■ **EXERCISE OBJECTIVE**
Every line of the listing below must be printed again exactly, apart from its pictures.

■ **PROVIDED MATERIAL**

━━━━

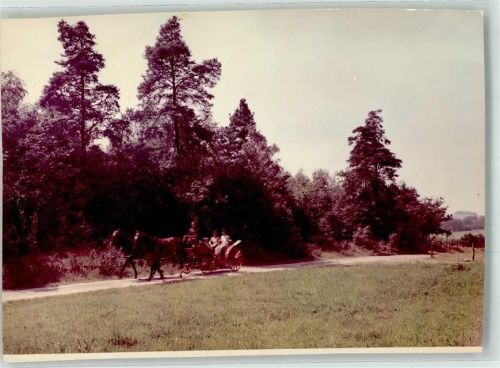 Wiehl Pferdekutsche Foto Original aus Archiv eines Ansichtskartenverlages Ort handschriftlich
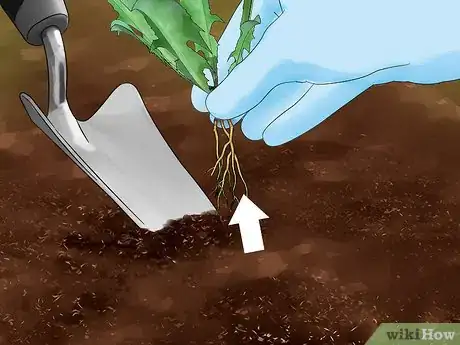 Image titled Grow Endive Step 2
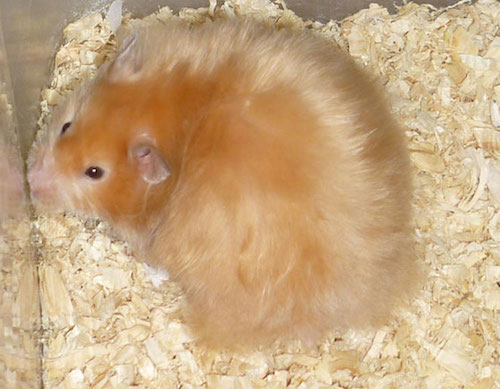 Thời gian mang thai của chuột hamster và các dấu hiệu nhận biết 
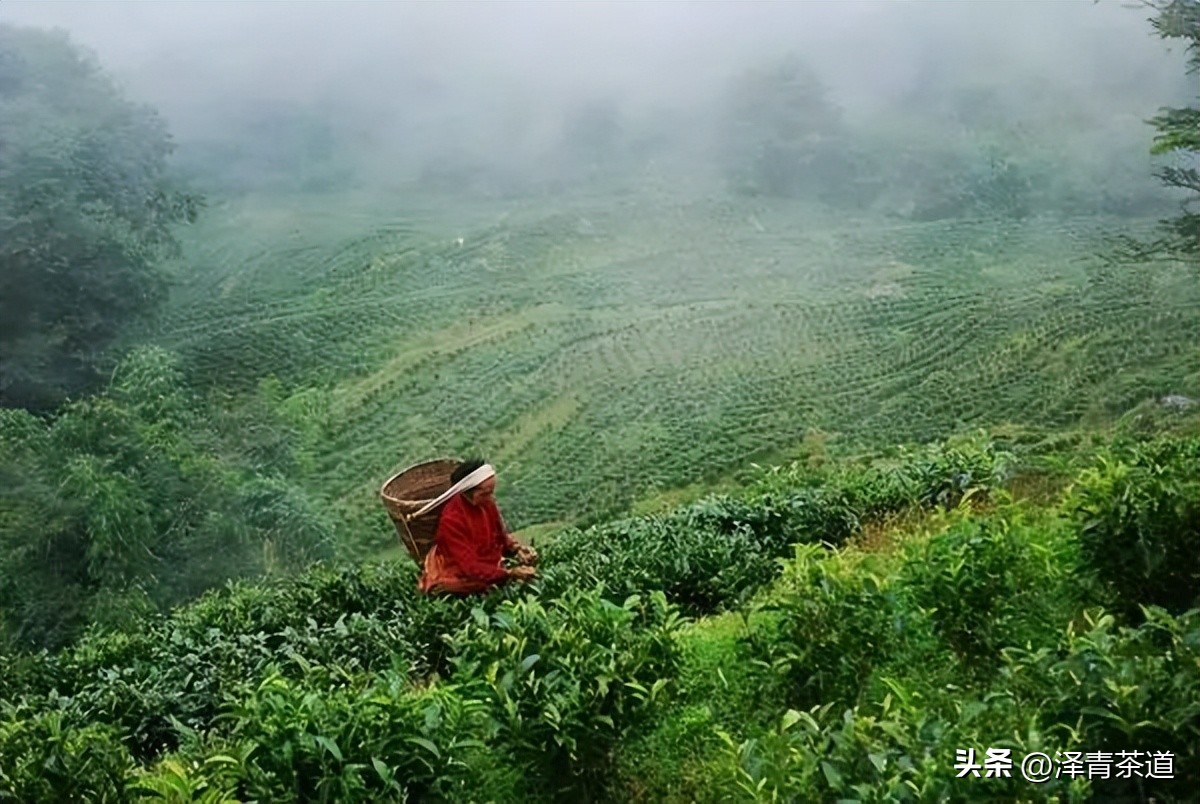 世界十大茶日,国际茶日英文版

━━━━

■ **WRITTEN RESPONSE**
 Wiehl Pferdekutsche Foto Original aus Archiv eines Ansichtskartenverlages Ort handschriftlich
 Image titled Grow Endive Step 2
 Thời gian mang thai của chuột hamster và các dấu hiệu nhận biết 
 世界十大茶日,国际茶日英文版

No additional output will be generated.